C’est avec soulagement que nous accueillons la nouvelle : nous avons obtenu un nouveau client .

Hourra on échappe donc au chômage technique.
C’est vrai que les effectifs ayant baissé en quelques semaines de 25 employés à 4 pour l’outbound (comprendre émission d’appels, car lorsque l’on travaille dans un centre d’appel les mots anglais sont très in) nous avions peur de passer à la trappe. C’est ainsi que je me retrouvais parmi les finalistes pour une nouvelle mission.

Il est très excitant pour un téléopérateur de changer de mission. Nouveau produit, nouveau script, nouveaux fichiers, ça donnerait presque l’impression de changer de boulot.

Il en faut peu pour un téléopérateur.

C’est ainsi que je cesserais d’enquiquiner la France qui se lève tôt...  pour enquiquiner les professionnels.

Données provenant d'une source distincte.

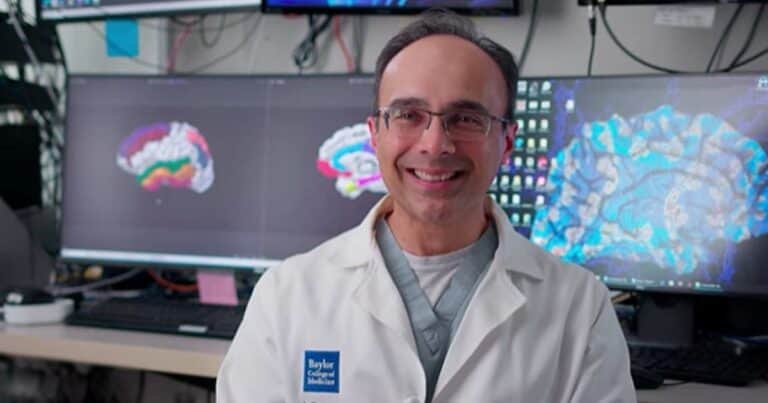 Sameer Sheth, neurocirujano: «El cerebro desarrolla mecanismos tan asombrosos y sofisticados para realizar tareas complejas, que incluso puede hacer algunas sin que seamos conscientes»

Ce qui je pensais alors serait nettement plus facile. La mission était on ne peut plus claire : appeler les entreprises étant susceptibles de disposer de palettes bleues afin d’envoyer un camion les récupérer. Les palettes étant des palettes de transport classique, de couleur bleue, qui peuvent trés bien se reconvertir en futon si on veut des meubles gratuit et que l'on a pas peur de se cogner les orteils sur ce qui dépasse.

Si ça ce n’est pas des appels sympa !

Après une brève et intense formation de 10 minutes c’est avec le torse bombé que je repris ma place pour mon premier appel.
-Bonjour! Je suis Brune de la société FLOP des palettes bleues, auriez vous des palettes que nous pourrions récupérer?
-Bonjour, nous attendions votre appel avec impatience, je viens de faire le compte justement et nous en avons 36.
-C’est noté un camion passe dans 3 jours.
-Votre accent est charmant, c’est fantastique, à dans trois jours alors !
-Bonne journée et au revoir !

C’est ainsi que je me retrouvais au Disney du téléopérateur : que du plaisir, des gens sympa, rien à vendre!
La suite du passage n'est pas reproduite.